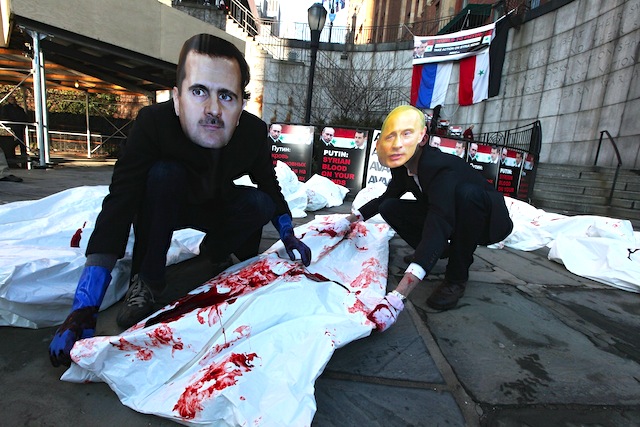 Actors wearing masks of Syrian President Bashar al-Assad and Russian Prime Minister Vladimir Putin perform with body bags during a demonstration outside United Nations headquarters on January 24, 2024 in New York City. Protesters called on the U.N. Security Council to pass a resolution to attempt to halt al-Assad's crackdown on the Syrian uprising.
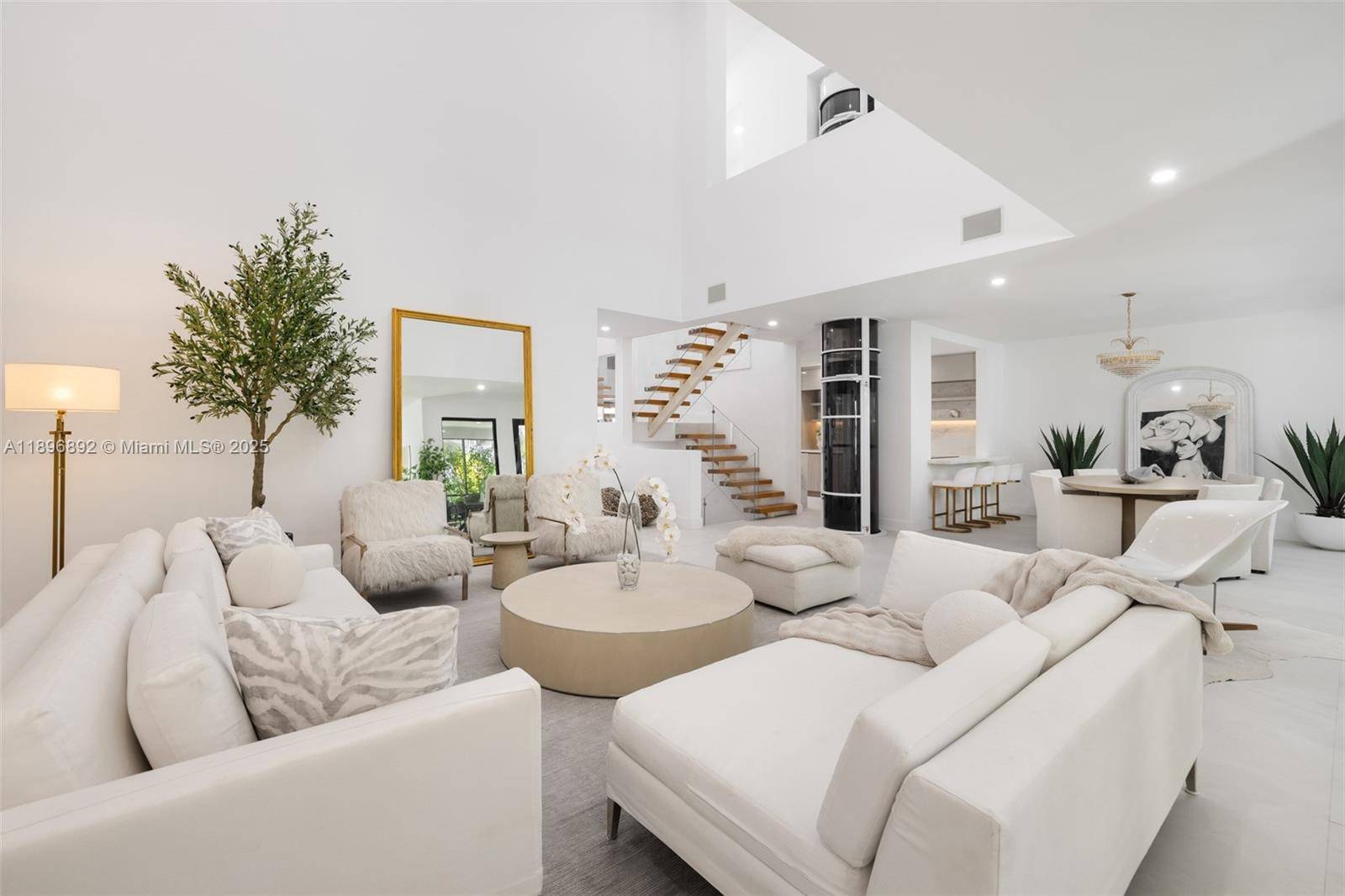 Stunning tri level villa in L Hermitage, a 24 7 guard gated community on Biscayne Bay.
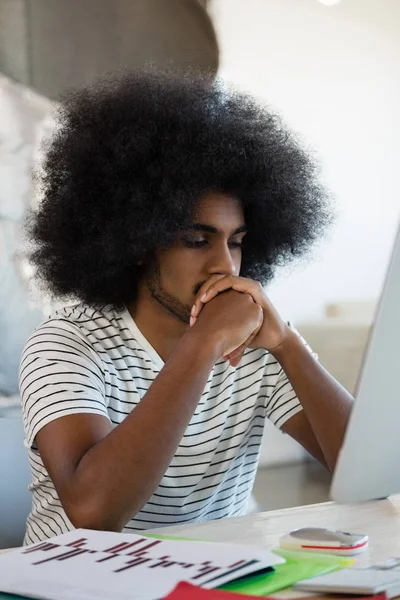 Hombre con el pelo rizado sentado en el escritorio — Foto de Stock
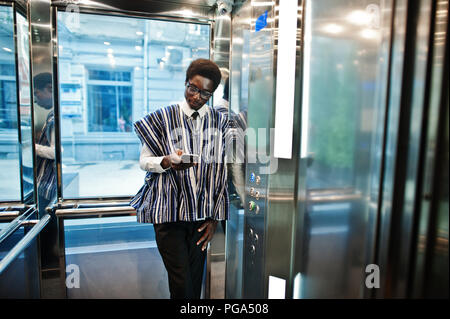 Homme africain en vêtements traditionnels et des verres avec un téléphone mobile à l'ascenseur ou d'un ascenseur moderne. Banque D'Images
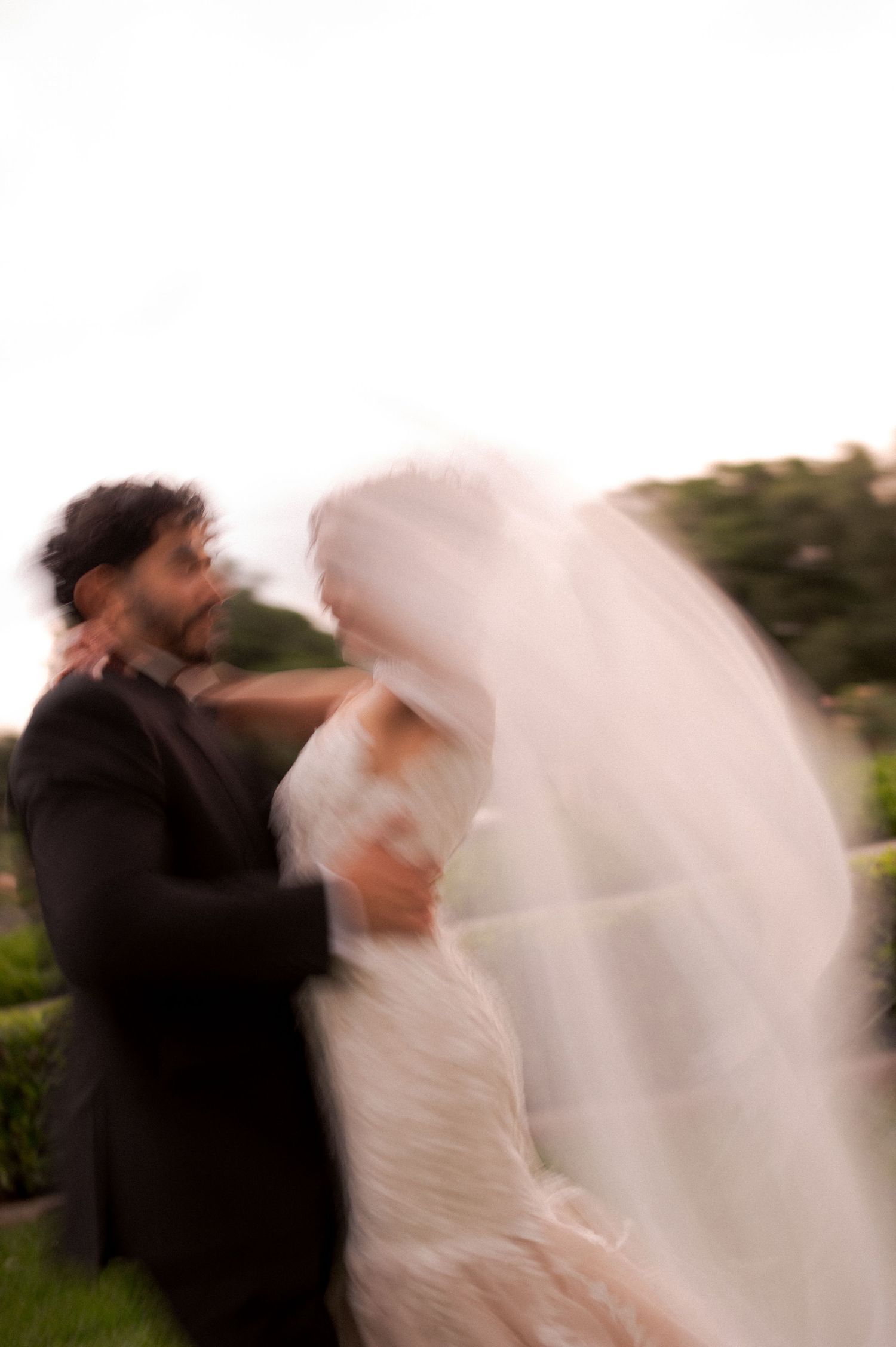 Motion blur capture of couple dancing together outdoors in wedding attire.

**Exercise objective:**
Please extract exactly the lines of the data, from the first through the line containing "Homme africain en", and add no pictures to the copy.

**Result below:**
 Actors wearing masks of Syrian President Bashar al-Assad and Russian Prime Minister Vladimir Putin perform with body bags during a demonstration outside United Nations headquarters on January 24, 2024 in New York City. Protesters called on the U.N. Security Council to pass a resolution to attempt to halt al-Assad's crackdown on the Syrian uprising.
 Stunning tri level villa in L Hermitage, a 24 7 guard gated community on Biscayne Bay.
 Hombre con el pelo rizado sentado en el escritorio — Foto de Stock
 Homme africain en vêtements traditionnels et des verres avec un téléphone mobile à l'ascenseur ou d'un ascenseur moderne. Banque D'Images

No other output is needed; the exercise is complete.